In this case, the database server 200 may generate different target object tracking information for each predetermined standard.
In detail, the database server 200 may generate target object tracking information, respectively, optimized for detecting the target object according to various capturing conditions such as the specifications of the terminals 100, the capturing position, and may provide the target object tracking information optimized for the situation of the corresponding terminal 100 when the application 111 of the corresponding terminal 100 requests information for detecting the first target object.
For example, the database server 200 may generate different target object tracking information updated by dynamic training according to the camera specification of the terminal 100, and provide different target object tracking information according to the camera specifications or/and capturing environment when the application requests the target object tracking information.
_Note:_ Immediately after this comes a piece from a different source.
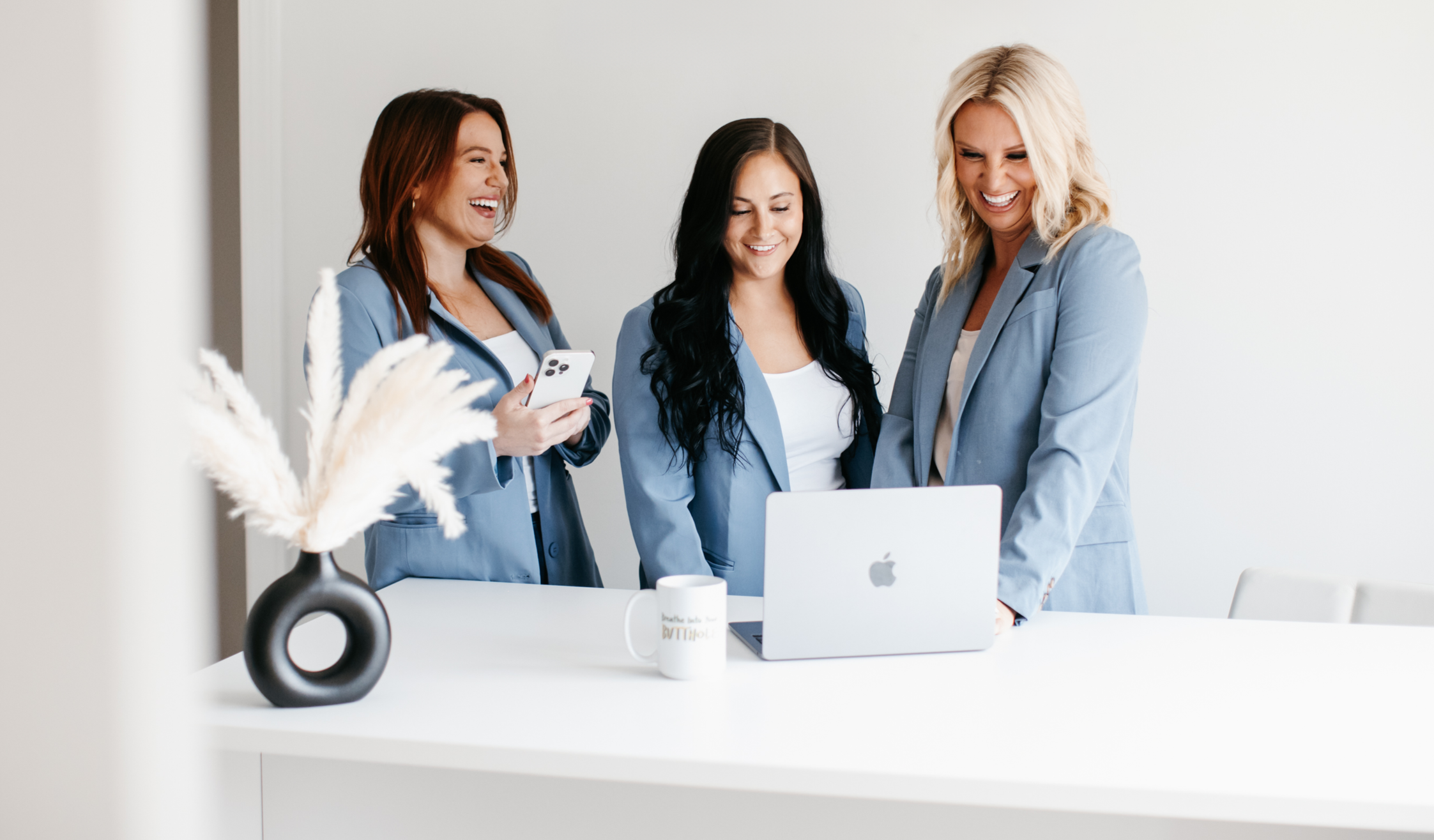 Three women in blue blazers gathered around a laptop in a modern office, smiling and engaging with each other.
In detail, the database server 200 may request the camera specification when the first application requests the target object tracking information, and detect the first target object tracking information most matching the requested camera specification among the plurality of target object tracking information for detecting the first target object corresponding to the requested camera specification. In this case, the plurality of target object tracking information may be separately trained for each lens specification range and image sensor range. In detail, during the dynamic training by dividing a focus parameter of a lens into at least two or more ranges, only the image captured in the camera specification belonging to the range of the focus parameter of the corresponding lens may be utilized.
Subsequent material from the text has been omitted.